What happens when local officials invest hundreds of millions and billions of dollars for the "people" when they probably aren't comptent to manage their own retirement account?
CNBC: City Plan Backfires(cache)
Local governments across the country hit on the solution to the underfunding of their generous pension funds a few years ago. They borrowed $64 Billion by issuing “pension obligation bonds.” The idea is simple: borrow money by selling bonds at fixed interest rates and invest the money in something that makes more that you have to pay, like stocks (also called a carry trade). It is like you taking out a loan against your future income (not your home because the local governments have no assets but future tax revenue), then going to Las Vegas to try to make more than you owe. Sounds brilliant, doesn’t it?

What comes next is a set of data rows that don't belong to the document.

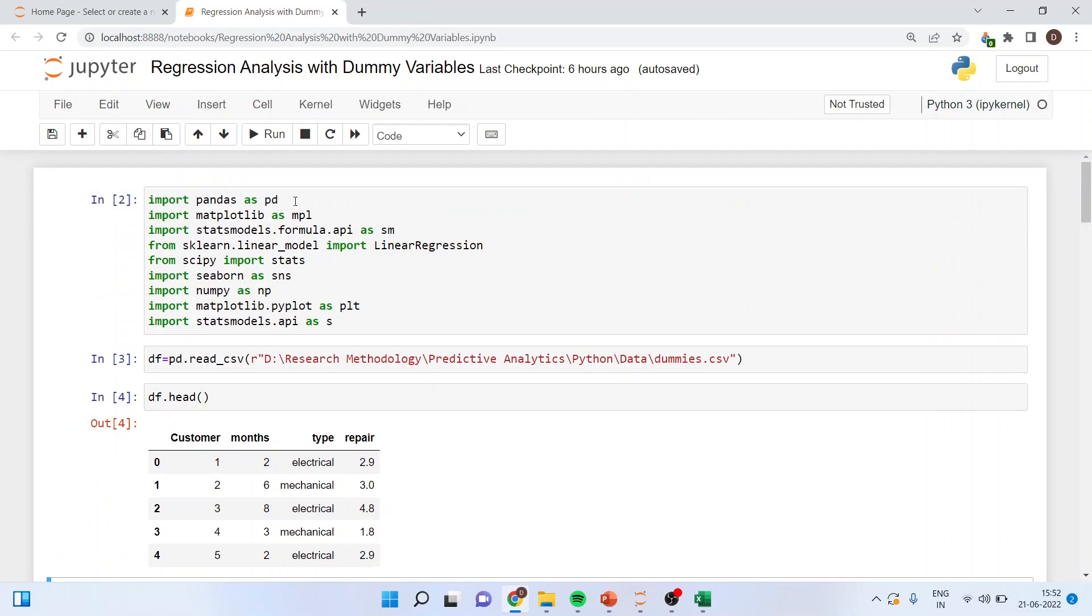So import pandas as pd, import matplotlib as mpl, import statsmodel.formula.api as sm, from sklearn.linear_model import linear regression, from scipy import stats, import seaborn as sns, import numpy as np, import matplotlib.pyplot as plt, import statsmodel.api as s.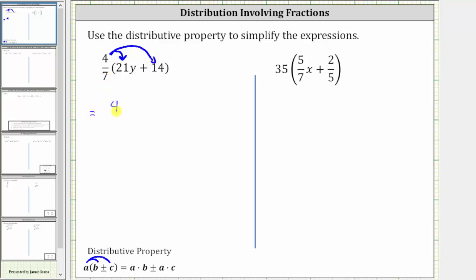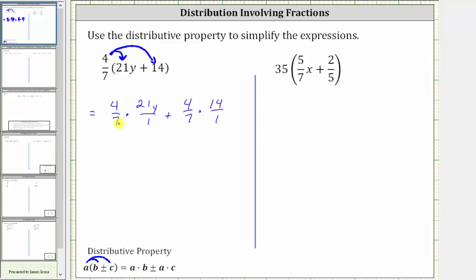We have four-sevenths times 21y. Because we have a fraction, let's write 21y as a fraction with a denominator of one, and plus four-sevenths times 14, writing 14 as a fraction with a denominator of one. Before we multiply, we simplify out any common factors between the numerators and denominators. Notice there's a common factor of seven: seven divided by seven is one, and 21 divided by seven is three — or one seven in seven and three sevens in 21.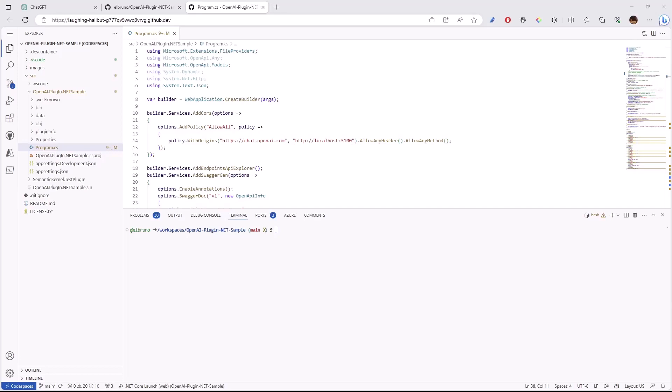Once the Codespace is created, and installed all of the plugins and the necessary dependencies, we are going to have a full dev environment on the web that will allow us to basically test our plugin, our code, without the need to install anything local.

If you are Stockton, CA (which is now in bankruptcy) you sell $125 Million of bonds in the Spring of 2007 to play this game. Then, when you lose money and can’t pay it back, you complain that the investment bank that sold the bonds didn’t tell you the risks.
Let me see if I understand. We have people in office who have the power to obligate the tax payers to pay $125 Million in the future that don’t understand that the low interest rates they planned to pay are low because there is little risk to bonds and that interest rates they expected to receive are high exactly because there is risk. Now, when their gamble didn’t pay off, they claim they were duped and somebody else should pay for their “error”.